Data for review below:

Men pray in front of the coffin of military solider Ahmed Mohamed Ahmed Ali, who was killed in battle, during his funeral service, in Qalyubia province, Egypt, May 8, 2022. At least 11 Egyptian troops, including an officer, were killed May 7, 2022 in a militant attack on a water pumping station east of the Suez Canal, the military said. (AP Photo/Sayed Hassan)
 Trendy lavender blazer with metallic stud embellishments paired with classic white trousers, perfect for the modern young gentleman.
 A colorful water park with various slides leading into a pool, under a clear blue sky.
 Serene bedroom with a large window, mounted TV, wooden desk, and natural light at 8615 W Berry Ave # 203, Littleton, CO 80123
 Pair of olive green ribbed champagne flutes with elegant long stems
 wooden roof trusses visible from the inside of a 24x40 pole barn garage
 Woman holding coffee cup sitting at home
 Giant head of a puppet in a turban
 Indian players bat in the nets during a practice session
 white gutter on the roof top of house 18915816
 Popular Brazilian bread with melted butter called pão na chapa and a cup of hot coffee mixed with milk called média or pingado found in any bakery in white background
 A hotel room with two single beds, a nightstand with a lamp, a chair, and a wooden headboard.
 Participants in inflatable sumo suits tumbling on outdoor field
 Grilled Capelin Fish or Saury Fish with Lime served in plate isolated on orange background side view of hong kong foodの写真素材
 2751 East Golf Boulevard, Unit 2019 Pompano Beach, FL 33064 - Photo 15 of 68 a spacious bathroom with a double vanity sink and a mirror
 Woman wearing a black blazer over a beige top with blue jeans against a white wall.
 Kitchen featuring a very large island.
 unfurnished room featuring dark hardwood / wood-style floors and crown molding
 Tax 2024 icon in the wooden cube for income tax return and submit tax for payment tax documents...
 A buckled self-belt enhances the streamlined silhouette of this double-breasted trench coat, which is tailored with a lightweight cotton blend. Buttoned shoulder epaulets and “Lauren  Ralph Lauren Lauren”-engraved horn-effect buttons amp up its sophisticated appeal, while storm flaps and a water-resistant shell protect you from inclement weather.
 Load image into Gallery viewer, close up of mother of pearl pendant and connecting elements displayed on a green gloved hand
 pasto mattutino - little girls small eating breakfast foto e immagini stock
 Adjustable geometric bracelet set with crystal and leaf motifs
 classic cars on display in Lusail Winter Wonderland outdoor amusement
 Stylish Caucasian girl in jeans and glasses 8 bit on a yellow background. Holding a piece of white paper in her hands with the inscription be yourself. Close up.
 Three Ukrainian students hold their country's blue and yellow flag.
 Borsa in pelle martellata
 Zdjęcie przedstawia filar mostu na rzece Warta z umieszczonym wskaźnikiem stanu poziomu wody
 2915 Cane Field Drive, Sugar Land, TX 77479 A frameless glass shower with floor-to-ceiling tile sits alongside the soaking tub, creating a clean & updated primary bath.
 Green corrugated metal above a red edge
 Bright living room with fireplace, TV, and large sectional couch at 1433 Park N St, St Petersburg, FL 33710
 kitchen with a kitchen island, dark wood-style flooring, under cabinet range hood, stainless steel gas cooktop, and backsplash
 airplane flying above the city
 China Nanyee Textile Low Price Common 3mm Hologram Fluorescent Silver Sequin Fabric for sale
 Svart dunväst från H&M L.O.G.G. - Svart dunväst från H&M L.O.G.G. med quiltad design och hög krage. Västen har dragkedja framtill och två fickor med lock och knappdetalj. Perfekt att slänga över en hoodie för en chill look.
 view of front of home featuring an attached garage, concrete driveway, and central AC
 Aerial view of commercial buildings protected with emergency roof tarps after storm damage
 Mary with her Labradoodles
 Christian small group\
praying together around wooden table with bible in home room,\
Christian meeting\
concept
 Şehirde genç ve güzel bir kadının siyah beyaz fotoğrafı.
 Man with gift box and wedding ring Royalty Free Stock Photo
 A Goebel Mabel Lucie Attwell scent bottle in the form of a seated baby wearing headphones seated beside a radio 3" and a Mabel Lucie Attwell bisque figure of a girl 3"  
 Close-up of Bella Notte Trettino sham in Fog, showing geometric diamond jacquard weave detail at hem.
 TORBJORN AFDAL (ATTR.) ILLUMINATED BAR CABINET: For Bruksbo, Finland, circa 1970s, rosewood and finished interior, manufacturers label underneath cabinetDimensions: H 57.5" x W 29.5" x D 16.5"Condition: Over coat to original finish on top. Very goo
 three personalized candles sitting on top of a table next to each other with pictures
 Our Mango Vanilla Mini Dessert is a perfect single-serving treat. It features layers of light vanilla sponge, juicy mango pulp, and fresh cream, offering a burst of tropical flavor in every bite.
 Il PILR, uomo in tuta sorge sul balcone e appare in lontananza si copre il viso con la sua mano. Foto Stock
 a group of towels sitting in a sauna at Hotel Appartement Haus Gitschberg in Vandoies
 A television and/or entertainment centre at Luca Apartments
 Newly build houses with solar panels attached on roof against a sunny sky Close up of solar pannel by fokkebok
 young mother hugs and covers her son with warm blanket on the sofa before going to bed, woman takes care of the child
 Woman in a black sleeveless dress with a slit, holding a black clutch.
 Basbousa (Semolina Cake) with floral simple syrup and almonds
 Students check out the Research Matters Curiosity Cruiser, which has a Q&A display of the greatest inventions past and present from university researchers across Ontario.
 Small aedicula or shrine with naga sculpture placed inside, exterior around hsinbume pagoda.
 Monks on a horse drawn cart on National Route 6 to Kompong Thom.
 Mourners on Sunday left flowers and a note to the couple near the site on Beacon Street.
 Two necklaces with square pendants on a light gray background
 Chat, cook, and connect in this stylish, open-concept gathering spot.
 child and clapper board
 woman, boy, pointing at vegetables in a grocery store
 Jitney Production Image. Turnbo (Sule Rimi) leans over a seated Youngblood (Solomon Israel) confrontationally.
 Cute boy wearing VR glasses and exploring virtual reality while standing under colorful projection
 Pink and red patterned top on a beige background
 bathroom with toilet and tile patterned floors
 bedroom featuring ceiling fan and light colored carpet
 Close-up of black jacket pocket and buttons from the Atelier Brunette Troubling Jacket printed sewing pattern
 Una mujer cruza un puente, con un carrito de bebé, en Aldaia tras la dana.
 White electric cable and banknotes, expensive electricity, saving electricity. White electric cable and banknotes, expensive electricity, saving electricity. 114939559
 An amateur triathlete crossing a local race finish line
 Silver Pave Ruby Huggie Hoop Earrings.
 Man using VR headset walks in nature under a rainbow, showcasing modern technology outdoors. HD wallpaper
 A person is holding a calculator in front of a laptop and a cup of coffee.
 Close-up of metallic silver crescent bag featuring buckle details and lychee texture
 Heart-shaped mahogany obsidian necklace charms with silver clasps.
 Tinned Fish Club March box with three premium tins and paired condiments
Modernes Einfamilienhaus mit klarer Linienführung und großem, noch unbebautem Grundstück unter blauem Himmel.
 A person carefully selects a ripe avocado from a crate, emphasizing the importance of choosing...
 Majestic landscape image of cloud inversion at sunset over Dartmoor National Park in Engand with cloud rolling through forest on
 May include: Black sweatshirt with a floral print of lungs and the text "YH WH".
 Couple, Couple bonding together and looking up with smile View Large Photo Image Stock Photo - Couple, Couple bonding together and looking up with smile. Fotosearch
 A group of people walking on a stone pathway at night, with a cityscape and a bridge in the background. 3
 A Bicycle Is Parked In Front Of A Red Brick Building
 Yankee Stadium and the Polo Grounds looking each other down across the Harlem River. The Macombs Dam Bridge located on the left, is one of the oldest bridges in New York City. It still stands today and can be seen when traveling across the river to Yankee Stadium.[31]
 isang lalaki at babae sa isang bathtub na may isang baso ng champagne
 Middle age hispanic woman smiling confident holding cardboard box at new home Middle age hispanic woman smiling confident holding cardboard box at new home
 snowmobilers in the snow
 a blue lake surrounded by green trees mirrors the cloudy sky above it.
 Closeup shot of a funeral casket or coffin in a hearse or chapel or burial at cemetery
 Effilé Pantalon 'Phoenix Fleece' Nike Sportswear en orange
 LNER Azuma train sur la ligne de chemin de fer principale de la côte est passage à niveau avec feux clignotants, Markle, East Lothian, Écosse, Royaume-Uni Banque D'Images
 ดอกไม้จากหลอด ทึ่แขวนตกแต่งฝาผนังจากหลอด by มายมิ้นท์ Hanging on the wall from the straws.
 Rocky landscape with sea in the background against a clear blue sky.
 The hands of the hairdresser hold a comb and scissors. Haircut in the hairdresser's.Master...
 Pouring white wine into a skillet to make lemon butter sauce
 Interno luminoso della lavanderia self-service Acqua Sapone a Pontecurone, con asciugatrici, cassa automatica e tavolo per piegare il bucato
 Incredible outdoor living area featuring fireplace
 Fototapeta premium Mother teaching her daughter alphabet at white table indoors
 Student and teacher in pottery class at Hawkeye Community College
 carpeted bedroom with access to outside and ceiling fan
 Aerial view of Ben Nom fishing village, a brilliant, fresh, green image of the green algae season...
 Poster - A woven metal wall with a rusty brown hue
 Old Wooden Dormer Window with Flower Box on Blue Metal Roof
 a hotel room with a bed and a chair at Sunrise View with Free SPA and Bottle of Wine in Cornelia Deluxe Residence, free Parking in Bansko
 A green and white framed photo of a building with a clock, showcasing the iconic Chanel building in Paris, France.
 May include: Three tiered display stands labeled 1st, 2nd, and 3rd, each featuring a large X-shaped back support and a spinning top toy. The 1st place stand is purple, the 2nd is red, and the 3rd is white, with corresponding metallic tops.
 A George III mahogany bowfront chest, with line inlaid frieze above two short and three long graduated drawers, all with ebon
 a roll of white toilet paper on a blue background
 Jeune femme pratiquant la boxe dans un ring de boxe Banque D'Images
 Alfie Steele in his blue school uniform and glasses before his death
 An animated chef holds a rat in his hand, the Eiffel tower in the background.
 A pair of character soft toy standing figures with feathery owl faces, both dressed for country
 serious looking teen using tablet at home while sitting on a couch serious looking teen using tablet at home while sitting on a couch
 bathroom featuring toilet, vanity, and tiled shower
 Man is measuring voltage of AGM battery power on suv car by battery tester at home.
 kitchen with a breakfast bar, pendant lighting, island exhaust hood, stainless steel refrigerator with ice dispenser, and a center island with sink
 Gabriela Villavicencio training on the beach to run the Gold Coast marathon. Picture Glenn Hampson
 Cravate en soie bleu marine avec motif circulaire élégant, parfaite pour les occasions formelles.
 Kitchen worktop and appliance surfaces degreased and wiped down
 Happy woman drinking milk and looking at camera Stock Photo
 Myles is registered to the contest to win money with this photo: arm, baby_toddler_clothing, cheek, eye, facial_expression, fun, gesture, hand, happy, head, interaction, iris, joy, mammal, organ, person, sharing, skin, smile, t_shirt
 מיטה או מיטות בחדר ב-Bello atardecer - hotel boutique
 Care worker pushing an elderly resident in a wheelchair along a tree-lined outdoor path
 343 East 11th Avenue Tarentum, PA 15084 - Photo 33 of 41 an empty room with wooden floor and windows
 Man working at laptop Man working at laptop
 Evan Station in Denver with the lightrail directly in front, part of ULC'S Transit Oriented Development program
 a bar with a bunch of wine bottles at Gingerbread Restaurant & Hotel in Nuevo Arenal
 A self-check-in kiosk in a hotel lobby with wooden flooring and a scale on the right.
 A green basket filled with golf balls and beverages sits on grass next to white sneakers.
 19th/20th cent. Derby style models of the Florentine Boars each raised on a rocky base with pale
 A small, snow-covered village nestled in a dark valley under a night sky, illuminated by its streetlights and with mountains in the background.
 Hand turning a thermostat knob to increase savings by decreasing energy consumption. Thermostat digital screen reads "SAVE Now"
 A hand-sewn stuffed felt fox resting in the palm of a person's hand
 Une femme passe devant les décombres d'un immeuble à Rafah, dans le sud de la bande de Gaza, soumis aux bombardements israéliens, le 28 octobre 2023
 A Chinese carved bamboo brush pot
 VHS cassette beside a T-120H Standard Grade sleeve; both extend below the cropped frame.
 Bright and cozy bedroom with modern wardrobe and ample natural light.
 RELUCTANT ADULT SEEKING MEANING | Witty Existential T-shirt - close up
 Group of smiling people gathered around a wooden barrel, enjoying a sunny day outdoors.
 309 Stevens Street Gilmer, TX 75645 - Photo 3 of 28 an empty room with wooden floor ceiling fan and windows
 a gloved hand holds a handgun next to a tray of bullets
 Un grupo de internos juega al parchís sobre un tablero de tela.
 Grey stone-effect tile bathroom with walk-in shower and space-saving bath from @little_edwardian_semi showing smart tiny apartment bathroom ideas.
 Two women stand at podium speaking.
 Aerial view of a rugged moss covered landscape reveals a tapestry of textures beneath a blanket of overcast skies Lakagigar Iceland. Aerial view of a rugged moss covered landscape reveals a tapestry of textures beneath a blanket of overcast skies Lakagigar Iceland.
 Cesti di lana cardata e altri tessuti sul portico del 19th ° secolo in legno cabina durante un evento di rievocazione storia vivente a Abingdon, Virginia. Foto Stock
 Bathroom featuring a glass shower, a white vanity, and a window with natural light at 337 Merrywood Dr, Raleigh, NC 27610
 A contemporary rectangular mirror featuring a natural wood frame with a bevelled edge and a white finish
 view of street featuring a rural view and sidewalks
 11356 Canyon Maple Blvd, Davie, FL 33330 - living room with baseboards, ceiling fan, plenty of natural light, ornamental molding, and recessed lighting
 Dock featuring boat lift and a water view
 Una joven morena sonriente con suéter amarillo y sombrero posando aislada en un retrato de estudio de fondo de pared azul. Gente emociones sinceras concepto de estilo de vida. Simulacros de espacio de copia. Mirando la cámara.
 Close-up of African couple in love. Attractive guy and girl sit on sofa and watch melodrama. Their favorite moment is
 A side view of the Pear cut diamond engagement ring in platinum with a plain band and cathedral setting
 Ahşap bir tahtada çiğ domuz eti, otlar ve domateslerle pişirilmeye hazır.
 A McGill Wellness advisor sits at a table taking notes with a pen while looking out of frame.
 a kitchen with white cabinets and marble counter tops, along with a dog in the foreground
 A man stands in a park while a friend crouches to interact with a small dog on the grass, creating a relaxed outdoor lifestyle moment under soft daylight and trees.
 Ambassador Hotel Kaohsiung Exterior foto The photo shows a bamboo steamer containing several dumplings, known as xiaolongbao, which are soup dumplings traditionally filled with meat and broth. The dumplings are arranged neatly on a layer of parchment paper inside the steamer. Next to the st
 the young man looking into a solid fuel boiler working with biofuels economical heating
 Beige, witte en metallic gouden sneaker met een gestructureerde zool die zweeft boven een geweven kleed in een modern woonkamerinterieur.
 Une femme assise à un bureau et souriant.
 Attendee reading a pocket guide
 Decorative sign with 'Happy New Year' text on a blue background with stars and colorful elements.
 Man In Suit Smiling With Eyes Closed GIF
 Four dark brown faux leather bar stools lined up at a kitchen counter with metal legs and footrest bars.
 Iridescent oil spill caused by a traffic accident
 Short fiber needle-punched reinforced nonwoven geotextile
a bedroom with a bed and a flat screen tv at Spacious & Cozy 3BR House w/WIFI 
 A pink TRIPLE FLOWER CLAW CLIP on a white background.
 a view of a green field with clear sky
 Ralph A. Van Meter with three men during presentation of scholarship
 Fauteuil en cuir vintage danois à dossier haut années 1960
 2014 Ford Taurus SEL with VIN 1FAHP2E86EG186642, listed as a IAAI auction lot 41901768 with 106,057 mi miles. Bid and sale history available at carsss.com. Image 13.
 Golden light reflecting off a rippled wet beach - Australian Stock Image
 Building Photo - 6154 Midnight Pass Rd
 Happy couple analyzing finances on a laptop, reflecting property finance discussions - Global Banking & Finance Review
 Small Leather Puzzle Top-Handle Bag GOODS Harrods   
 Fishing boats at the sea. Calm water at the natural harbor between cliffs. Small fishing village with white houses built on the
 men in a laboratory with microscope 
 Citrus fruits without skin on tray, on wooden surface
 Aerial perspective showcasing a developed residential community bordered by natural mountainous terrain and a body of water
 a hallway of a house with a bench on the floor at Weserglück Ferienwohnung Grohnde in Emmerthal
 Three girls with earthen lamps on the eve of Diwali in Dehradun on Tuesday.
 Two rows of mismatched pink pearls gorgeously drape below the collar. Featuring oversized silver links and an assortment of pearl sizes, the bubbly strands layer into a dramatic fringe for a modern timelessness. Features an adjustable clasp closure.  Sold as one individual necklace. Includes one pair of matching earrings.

End of Data for review.

■ **Task requirements**
Search the entries for the string "colorful" and return each line where it turns up.

■ **Answer box**
 A colorful water park with various slides leading into a pool, under a clear blue sky.
 Cute boy wearing VR glasses and exploring virtual reality while standing under colorful projection
 Decorative sign with 'Happy New Year' text on a blue background with stars and colorful elements.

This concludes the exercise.